Delicious Crab Recipes & 4 Decadent Wine Pairings

I love lobster, but I lust after crab. There may be no more rewarding or decadent delicacy anywhere in the world of food, for all it’s rich and opulent texture and sweet, mild and satisfying flavour, crab is one of the world’s great culinary vehicles. I choose this description carefully, as crab lends itself to be both treatment and process, and delivers an incredible variety of eating experiences depending on how it has been handled. And speaking of handling, breaking down the crab and doing the hard work involved in enjoying this incredible bounty it part of its pleasure.

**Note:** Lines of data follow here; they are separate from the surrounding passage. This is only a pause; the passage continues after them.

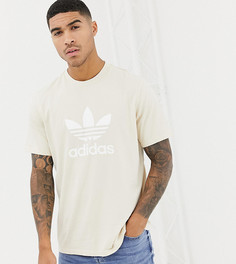 Серая футболка с логотипом-трилистником adidas Originals - Серый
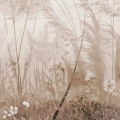 obraz-na-szkle-akrylowym-bezowa-trawa-pampasowa-fragment.webp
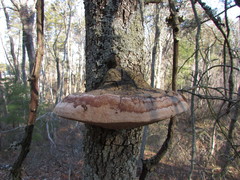 Phellinus everhartii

Television personality and famous American Chef Anthony Bourdain summed up this beautifully…

“When people started demanding boneless stuff like chicken without a bone, or crab meat without actual crab, or lazy lobster. That was the beginning of the erosion of our society as we know it. If you’re not willing to work for a pay-off like this, how do you expect to fight Al Qaeda. If you can’t suck the meat out of a crab. It’s a character builder. And delicious.”

How can you argue with that? Crab… it ain’t just tasty; it’s a character building experience too!! So from pasta to stir-fry and crab-cakes to deep-fried soft shell gorgeousness, here’s my list of 4 stunning crab recipes you should find occasion to eat just as soon as you can – and of course, a collection of perfect wine matches to make these crab recipes hit the high notes!

1. Soft Shell Crab: 3 Methods, 4 Coatings & 5 Sauces  RECIPE

Wine Match: Champagne or other dry sparkling wine

2. Stunning Meaty Baltimore-Style Crab Cakes RECIPE

Wine Match: Rich Barrel-Aged White Burgundy

3. Spaghettti w/ Crab Meat & Lemon Gremolata RECIPE

Wine Match: Fume Blanc, Chablis or Albarino

4. Spicy Crab Stir-Fry w/ Garlic-Chili Glass Noodles  RECIPE

Wine Match: Off-Dry Gewuztraminer or Chenin Blanc

When served steamed with only a bit of drawn butter, crab behaves much like lobster – and loves the same sort of wines, like rich barrel-aged white Burgundies (think Meursault and Montrachet), or Viognier or even Godello from Spain. As you introduce some citrus into the mix, like a bit of lemon peel in your pasta or crab cakes, suddenly this opens to the door to bright and refreshing whites like Albarino, unoaked Chardonnay or even barrel aged Sauvignon Blanc from California or Bordeaux.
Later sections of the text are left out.